What about welcoming custom?

On the other hand, the host also stress that their guests forgive them for not having cooked a good meal. In fact, she surely is a very competent cook, but she stresses this because it’s a part of welcoming custom. So, if you as a guest don’t eat enough, the host would think that their food is not delicious. Your host would think that you do not like it. Even many Iranians would ask you what wrong is with their food that you cannot eat it.

They ask if it’s too salty, undercooked or if you do not like that particular dish. In this recent case, you have two options. Admit that there is a problem with food, or eat enough portion of food to satisfy them. And if the food has a problem, in many cases, the host prepares other foods for you. Or they might ask you about what you like to order it from a local restaurant.

It may be that, before a party is held, the host asks the guests about their favorite dish. They had better to know what the guests do not eat at all, and what they love to eat.

Food culture in Iran
Food culture in Iran

Food equipment in Iran

In general, tablecloth is used instead of the dining table in Iranian food culture. The tablecloth is often of Iranian fabrics such as Kalamkari textile, spread out at the center of the carpet. Although it is called tablecloth, there is no table involved. It is a piece of cloth spread out on the ground; food is served while people sit around it. The plates of food are laid on the tablecloth. And the members of the family sit around it to eat their main meals.
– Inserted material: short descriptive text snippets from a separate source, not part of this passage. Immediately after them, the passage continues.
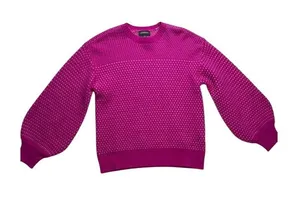 Summersalt Sweater Womens Small‎ Pink Wool Cashmere Balloon Sleeve Crew FLAW thumbnail 1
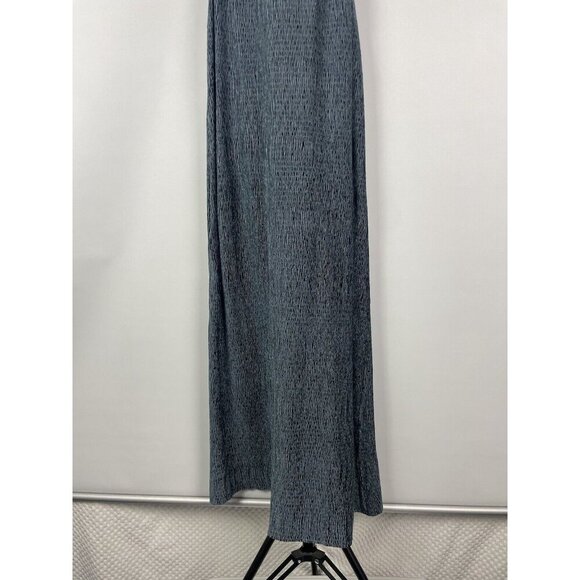 Maeve By Anthropologie Navy Blue Crinkle Velvet Sleeveless Maxi Dress Size M - Picture 8 of 10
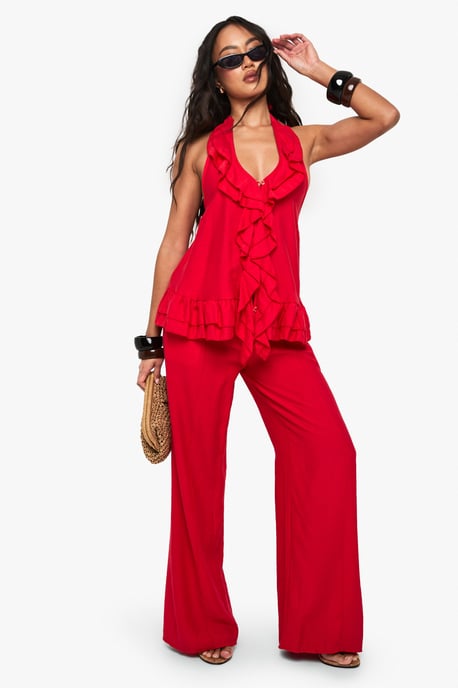 Woven Crinkle Ruffle Button Top - Image 3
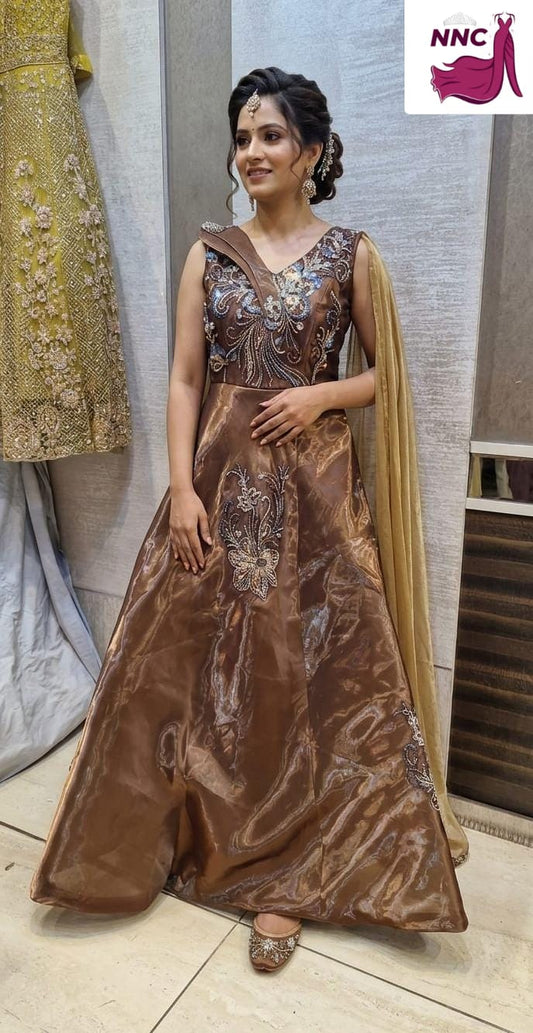 Bronze Metallic Silk Indo-Western Gown Set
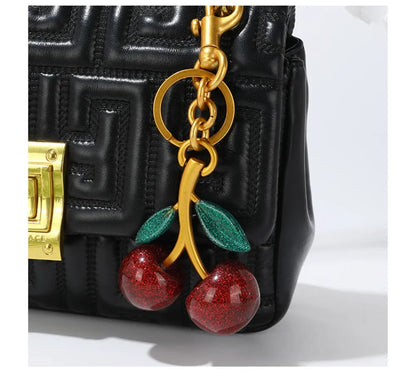 Cherry Red Keychain Bag Charm With Gold Leaf Lobster Clasp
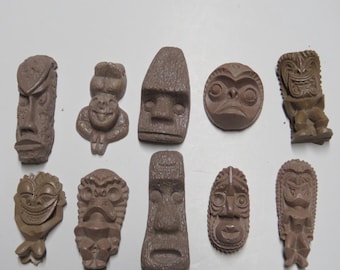 Tiki Pendants Lot# 18-Set of 10 Classic vintage Hawaiian recast mini Tiki Pieces  Use these unfinished tikis for your DIY craft projects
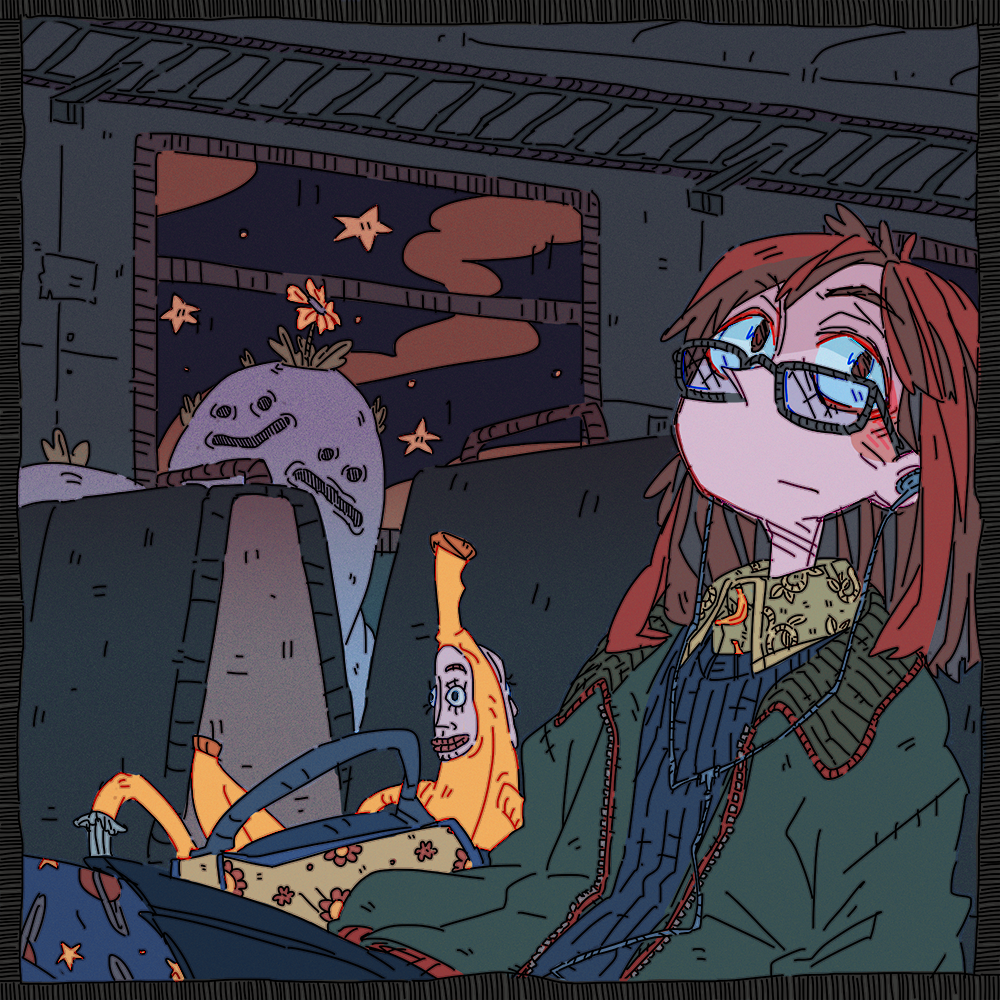 1girl, bag, banana, blue_skirt, brown_eyes, brown_hair, collar, earphones, expressionless, food, fruit, glasses, ground_vehicle, hands_in_pockets, hood, hoodie, leaning_back, limited_palette, long_hair, looking_up, muted_color, night, night_sky, open_clothes, open_hoodie, original, pleated_skirt, sitting, sketch, skirt, sky, smr03, solo_focus, star_(sky), starry_sky, sweater, train, train_interior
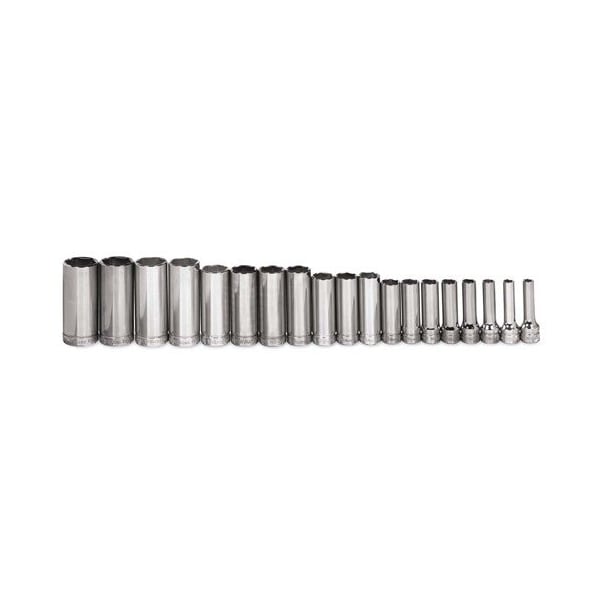 Williams Socket Set, 19 Pieces, 3/8 Inch Dr, Deep, 3/8 Inch Size - JHWMSBD19HRC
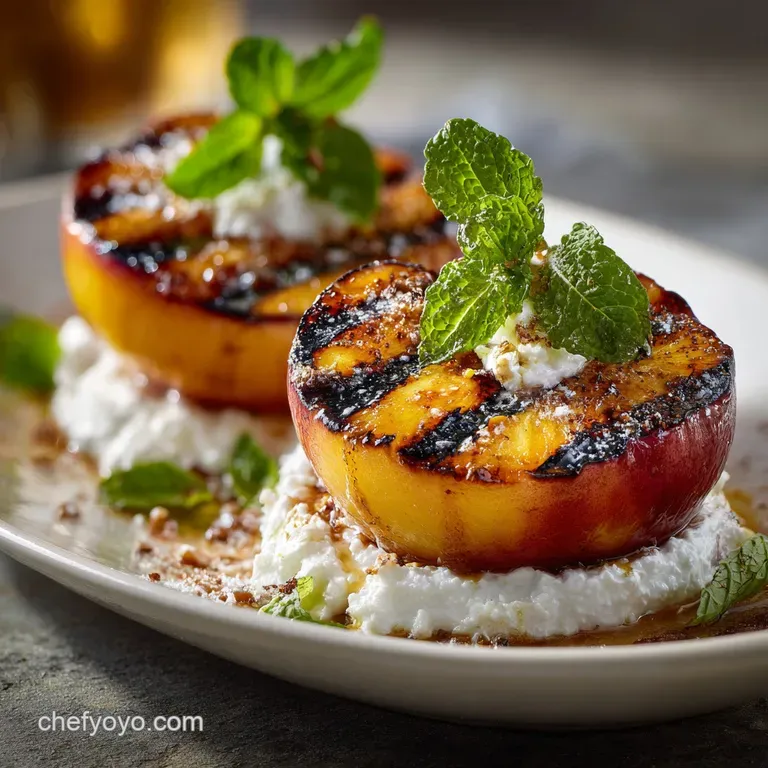 Peaches Cream Alfresco Style Grilled Peaches with CinnamonHoney Ricotta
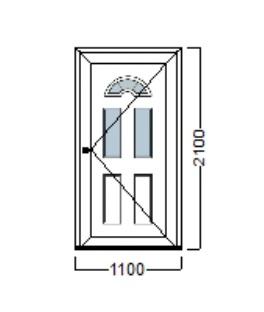 PVC ULAZNA VRATA - 110x210 - DECCO 70mm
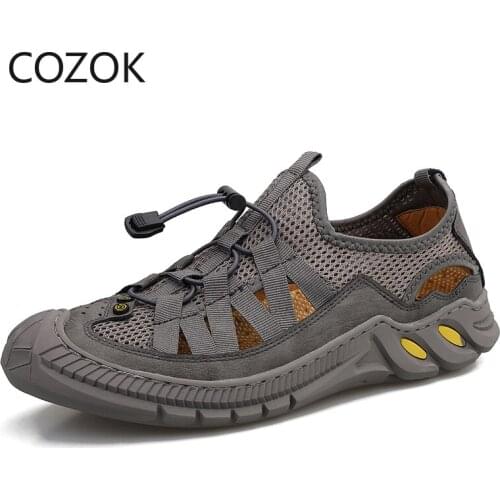 High Quality Men Sandals Summer Comfortable Soft Mens Shoes Outdoor Handmade Casual Beach Sandals Wading Sneakers Size 38-46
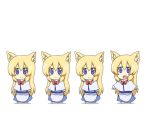  4girls animal_ears animated animated_gif apron arms_at_sides arms_up black_burakku blonde_hair blue_dress capelet cat_ears chibi closed_mouth dress kemonomimi_mode long_hair long_sleeves multiple_girls music open_mouth red_neckwear shanghai_doll singing smile touhou violet_eyes 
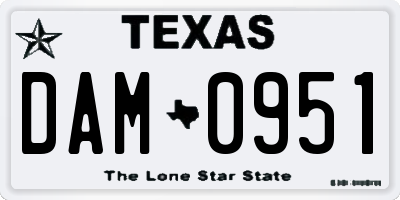TX license plate DAM0951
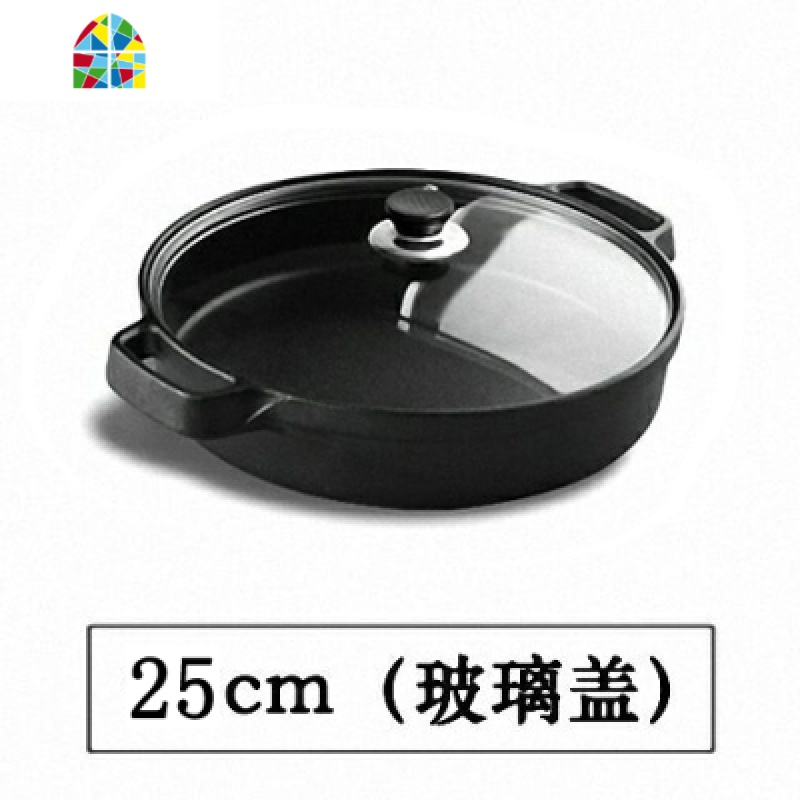 老式平锅烙饼新款双耳煤气铸铁平底锅加厚生铁家用锅具煎蛋生铁锅 FENGHOU 25cm(玻璃盖)高清大图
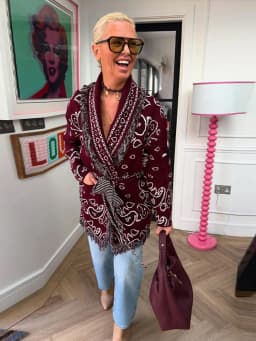 Women's Boho Print Knit Cardigan Top Fringe Trim Belted Long Sleeve Sweater Lace-up Coat 2025 New High Street Outerwear Outfit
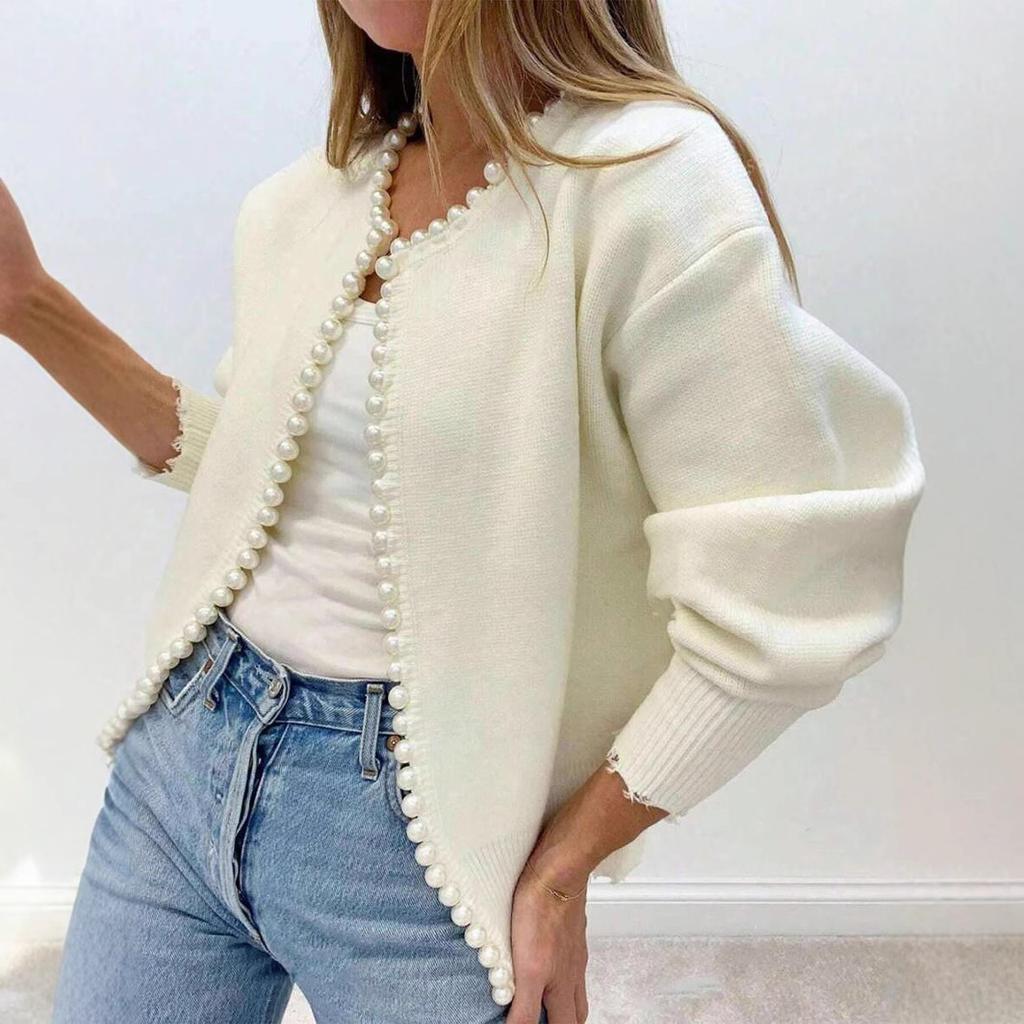 Spring Round Neck Pearl Trim Knit Top Cropped Long Sleeve Detailed Cardigan Fashion Coat Women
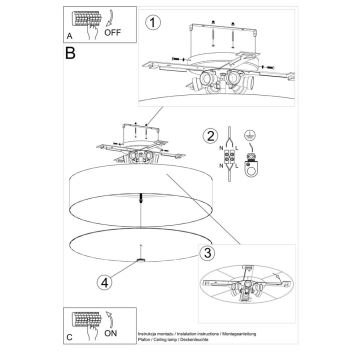 Taklampa SKALA 6xE27/60W/230V diameter  70 cm vit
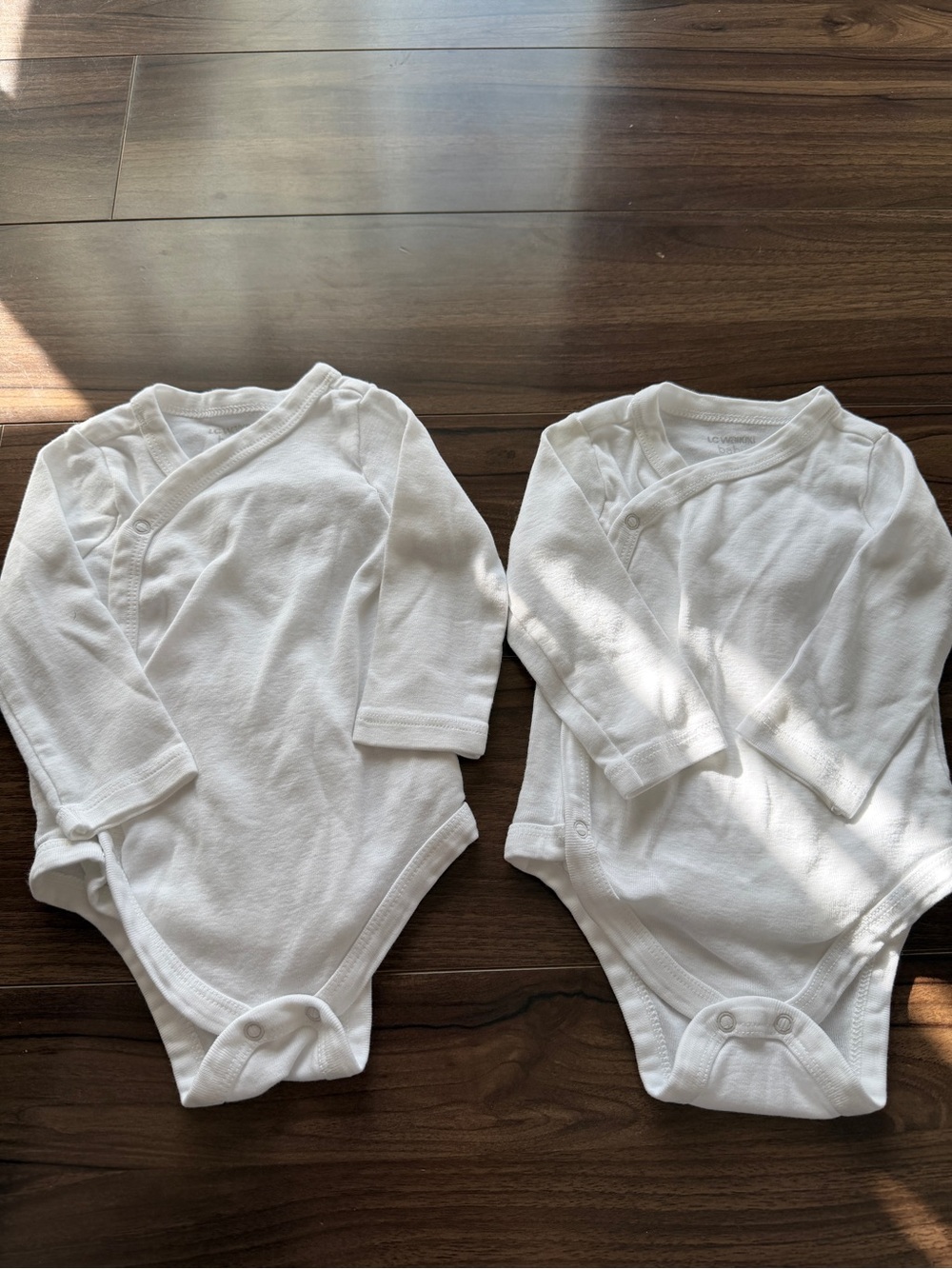Soft White Long-Sleeve Baby One-Piece Duo
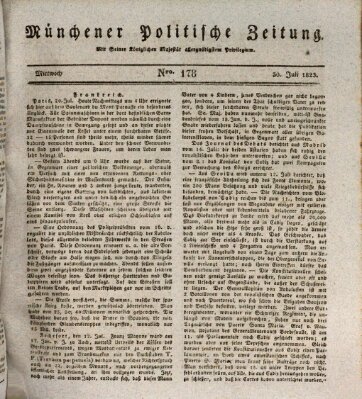 Münchener politische Zeitung (Süddeutsche Presse) Mittwoch 30. Juli 1823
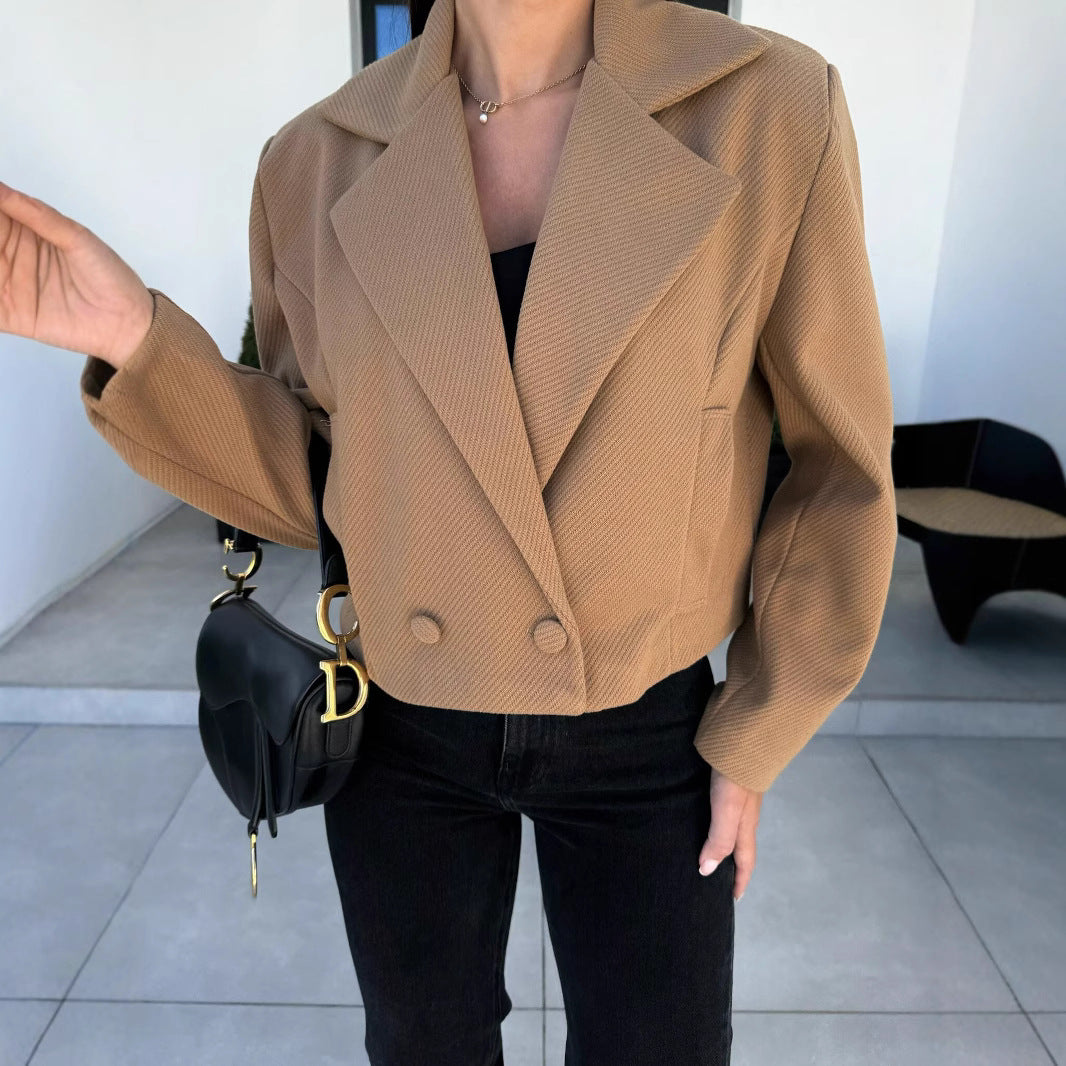 Damen Elegante kurze Blazerjacke mit doppelten Knöpfen und breitem Revers Sovae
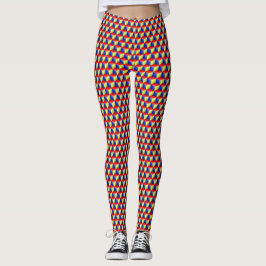 Leggings 2 capas - Cubos 3D Rojo Amarillo Azul XDIY BG Blan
For the past few years, the use of the plastic or the disposable tablecloth is more common. In fact, Kalamkari and Termeh textile exist only in a few restaurants. In other words, the situation is slightly different and the use of this type of textiles is luxury. It has no place in the everyday life of most of the Iranian families who are from the middle class. Today, due to changes in the lifestyle, the use of the dining table is common and the tablecloth is present only in crowded family gatherings.

Another thing about food equipment in Iran is the use of spoon and fork. Iranian food culture is such that the need for using knives rarely happens. Some foods are first wrapped in bread that is called Loghmeh and are eaten by hand. Some foods, including Abgoosht and Aush are served with spoon without fork. Most of the foods are served in a plate. Different types of Aush, Kaleh Pacheh, and Abgoosht are also served in relatively large bowls. Foods like salad, steak, potato chip, and Macaroni which are not originally from Iran are served with forks.

Food culture in Iran
Food culture in Iran

Food culture in Iran and Serving food

Unlike the Western culture that brings an appetizer, the main food, and dessert to the table at certain intervals, the food culture in Iran places everything on table or tablecloth at the same time. The main food, the addition, the appetizer, the dessert, and the beverages are simultaneously put at the table or tablecloth. However, people eat and drink them at the appropriate time.

Other fact about food culture in Iran is the Iranian cuisine. Iranian cuisine is often time-consuming and, unlike fast foods, is not suitable for short periods of time. Perhaps the reason for putting everything on the table at once lies in such a point. Another reason is that, since the past, it has been rude to leave the table if food was not finished. This point must have remained in the deep unconscious of the Iranian years ago and has not changed. Even now with the increase in the interaction between Iran and Europe, it is unchanged. Iranians prefer to put things down at the table not to leave the table for each part of the meal.

Banned food

In food culture in Iran, the use of some foods is prohibited and generally has no place in traditional food customs. Pork, dog, cat, donkey, rabbit, and all their by products are taboos. The reason goes back to religious values. Also, all alcoholic beverages are prohibited in Iran, and selling, buying, making, and using them is a serious crime. Eating insects and raw seafood also has no place in the food culture in Iran and does not conform to the tastes of most Iranians.